Records provided: Begin
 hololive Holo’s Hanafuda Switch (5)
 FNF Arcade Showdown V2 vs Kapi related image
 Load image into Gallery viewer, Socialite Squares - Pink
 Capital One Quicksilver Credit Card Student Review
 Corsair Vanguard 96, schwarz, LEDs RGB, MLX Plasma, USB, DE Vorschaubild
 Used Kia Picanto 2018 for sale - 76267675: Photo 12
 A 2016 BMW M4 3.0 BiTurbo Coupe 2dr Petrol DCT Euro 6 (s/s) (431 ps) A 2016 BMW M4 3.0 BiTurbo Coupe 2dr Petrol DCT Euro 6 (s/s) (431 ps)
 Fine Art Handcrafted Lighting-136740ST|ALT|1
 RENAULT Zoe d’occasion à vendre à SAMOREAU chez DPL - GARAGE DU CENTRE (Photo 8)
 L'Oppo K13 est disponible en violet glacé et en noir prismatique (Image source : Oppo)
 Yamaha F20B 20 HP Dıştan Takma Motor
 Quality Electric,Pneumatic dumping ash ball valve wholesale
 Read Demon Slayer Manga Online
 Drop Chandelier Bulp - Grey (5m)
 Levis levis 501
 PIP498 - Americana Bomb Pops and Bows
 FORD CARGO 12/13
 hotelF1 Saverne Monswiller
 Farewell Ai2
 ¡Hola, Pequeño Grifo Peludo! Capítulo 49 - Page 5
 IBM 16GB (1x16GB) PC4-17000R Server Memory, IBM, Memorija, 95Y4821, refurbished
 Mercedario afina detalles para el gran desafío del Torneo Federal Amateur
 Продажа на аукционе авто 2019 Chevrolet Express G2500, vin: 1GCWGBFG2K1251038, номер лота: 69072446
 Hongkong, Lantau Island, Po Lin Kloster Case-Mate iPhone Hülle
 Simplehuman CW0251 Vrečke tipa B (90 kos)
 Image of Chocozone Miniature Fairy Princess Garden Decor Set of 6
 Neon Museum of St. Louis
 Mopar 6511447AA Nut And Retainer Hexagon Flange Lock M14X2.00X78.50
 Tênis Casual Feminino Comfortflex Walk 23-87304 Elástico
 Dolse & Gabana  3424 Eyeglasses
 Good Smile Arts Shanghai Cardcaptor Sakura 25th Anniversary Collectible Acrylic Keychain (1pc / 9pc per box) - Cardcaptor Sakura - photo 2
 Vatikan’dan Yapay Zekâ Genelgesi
Records provided: End
▶ [Task goal]:
Every entry must be set down exactly, with nothing left out.

▶ [Answer for this exercise]:
 hololive Holo’s Hanafuda Switch (5)
 FNF Arcade Showdown V2 vs Kapi related image
 Load image into Gallery viewer, Socialite Squares - Pink
 Capital One Quicksilver Credit Card Student Review
 Corsair Vanguard 96, schwarz, LEDs RGB, MLX Plasma, USB, DE Vorschaubild
 Used Kia Picanto 2018 for sale - 76267675: Photo 12
 A 2016 BMW M4 3.0 BiTurbo Coupe 2dr Petrol DCT Euro 6 (s/s) (431 ps) A 2016 BMW M4 3.0 BiTurbo Coupe 2dr Petrol DCT Euro 6 (s/s) (431 ps)
 Fine Art Handcrafted Lighting-136740ST|ALT|1
 RENAULT Zoe d’occasion à vendre à SAMOREAU chez DPL - GARAGE DU CENTRE (Photo 8)
 L'Oppo K13 est disponible en violet glacé et en noir prismatique (Image source : Oppo)
 Yamaha F20B 20 HP Dıştan Takma Motor
 Quality Electric,Pneumatic dumping ash ball valve wholesale
 Read Demon Slayer Manga Online
 Drop Chandelier Bulp - Grey (5m)
 Levis levis 501
 PIP498 - Americana Bomb Pops and Bows
 FORD CARGO 12/13
 hotelF1 Saverne Monswiller
 Farewell Ai2
 ¡Hola, Pequeño Grifo Peludo! Capítulo 49 - Page 5
 IBM 16GB (1x16GB) PC4-17000R Server Memory, IBM, Memorija, 95Y4821, refurbished
 Mercedario afina detalles para el gran desafío del Torneo Federal Amateur
 Продажа на аукционе авто 2019 Chevrolet Express G2500, vin: 1GCWGBFG2K1251038, номер лота: 69072446
 Hongkong, Lantau Island, Po Lin Kloster Case-Mate iPhone Hülle
 Simplehuman CW0251 Vrečke tipa B (90 kos)
 Image of Chocozone Miniature Fairy Princess Garden Decor Set of 6
 Neon Museum of St. Louis
 Mopar 6511447AA Nut And Retainer Hexagon Flange Lock M14X2.00X78.50
 Tênis Casual Feminino Comfortflex Walk 23-87304 Elástico
 Dolse & Gabana  3424 Eyeglasses
 Good Smile Arts Shanghai Cardcaptor Sakura 25th Anniversary Collectible Acrylic Keychain (1pc / 9pc per box) - Cardcaptor Sakura - photo 2
 Vatikan’dan Yapay Zekâ Genelgesi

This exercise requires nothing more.